Department of Biochemistry, University of Oxford, Oxford, United Kingdom.
Department of Biochemistry, Nottingham Trent University, Nottingham, United Kingdom.
mBio. 2020 Sep 8;11(5):e01566-20. doi: 10.1128/mBio.01566-20.
RH5 is a secreted parasite ligand that is essential for erythrocyte invasion through direct interaction with the host erythrocyte receptor basigin. RH5 forms a tripartite complex with two other secreted parasite proteins, CyRPA and RIPR, and is tethered to the surface of the parasite through membrane-anchored P113. Antibodies against RH5, CyRPA, and RIPR can inhibit parasite invasion, suggesting that vaccines containing these three components have the potential to prevent blood-stage malaria. To further explore the role of the P113-RH5 interaction, we selected monoclonal antibodies against P113 that were either inhibitory or noninhibitory for RH5 binding. Using a Fab fragment as a crystallization chaperone, we determined the crystal structure of the RH5 binding region of P113 and showed that it is composed of two domains with structural similarities to rhamnose-binding lectins. We identified the RH5 binding site on P113 by using a combination of hydrogen-deuterium exchange mass spectrometry and site-directed mutagenesis. We found that a monoclonal antibody to P113 that bound to this interface and inhibited the RH5-P113 interaction did not inhibit parasite blood-stage growth. These findings provide further structural information on the protein interactions of RH5 and will be helpful in guiding the development of blood-stage malaria vaccines that target RH5. Malaria is a deadly infectious disease primarily caused by the parasite It remains a major global health problem, and there is no highly effective vaccine. A parasite protein called RH5 is centrally involved in the invasion of host red blood cells, making it-and the other parasite proteins it interacts with-promising vaccine targets. We recently identified a protein called P113 that binds RH5, suggesting that it anchors RH5 to the parasite surface. In this paper, we use structural biology to locate and characterize the RH5 binding region on P113. These findings will be important to guide the development of new antimalarial vaccines to ultimately prevent this disease, which affects some of the poorest people on the planet.

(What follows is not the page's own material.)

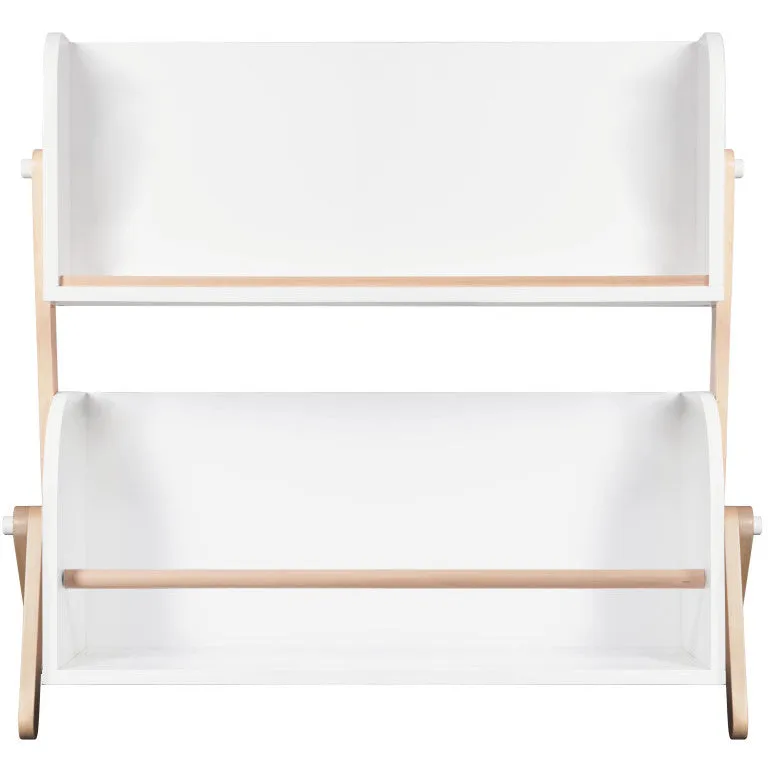 Babyletto Tally Storage & Bookshelf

RH5 是一种分泌型寄生虫配体,通过与宿主红细胞受体 basigin 的直接相互作用,对红细胞入侵至关重要。RH5 与另外两种分泌型寄生虫蛋白 CyRPA 和 RIPR 形成三聚体复合物,并通过膜锚定的 P113 连接到寄生虫表面。针对 RH5、CyRPA 和 RIPR 的抗体可以抑制寄生虫入侵,这表明含有这三种成分的疫苗有可能预防血期疟疾。为了进一步探讨 P113-RH5 相互作用的作用,我们选择了针对 P113 的单克隆抗体,这些抗体对 RH5 结合具有抑制或非抑制作用。我们使用 Fab 片段作为结晶伴侣,确定了 P113 的 RH5 结合区域的晶体结构,并表明它由两个结构与鼠李糖结合凝集素相似的结构域组成。我们通过氢氘交换质谱和定点突变组合确定了 P113 上的 RH5 结合位点。我们发现,与该界面结合并抑制 RH5-P113 相互作用的针对 P113 的单克隆抗体不会抑制寄生虫血期生长。这些发现为 RH5 的蛋白质相互作用提供了进一步的结构信息,并将有助于指导针对 RH5 的血期疟疾疫苗的开发。疟疾是一种致命的传染病,主要由寄生虫引起。它仍然是一个主要的全球健康问题,而且没有非常有效的疫苗。一种叫做 RH5 的寄生虫蛋白在入侵宿主红细胞中起着核心作用,使其与它相互作用的其他寄生虫蛋白成为有希望的疫苗靶点。我们最近发现了一种叫做 P113 的蛋白质,它与 RH5 结合,表明它将 RH5 锚定在寄生虫表面。在本文中,我们使用结构生物学来定位和描述 P113 上的 RH5 结合区域。这些发现对于指导新的抗疟疾疫苗的开发将是重要的,最终将预防这种影响地球上一些最贫困人口的疾病。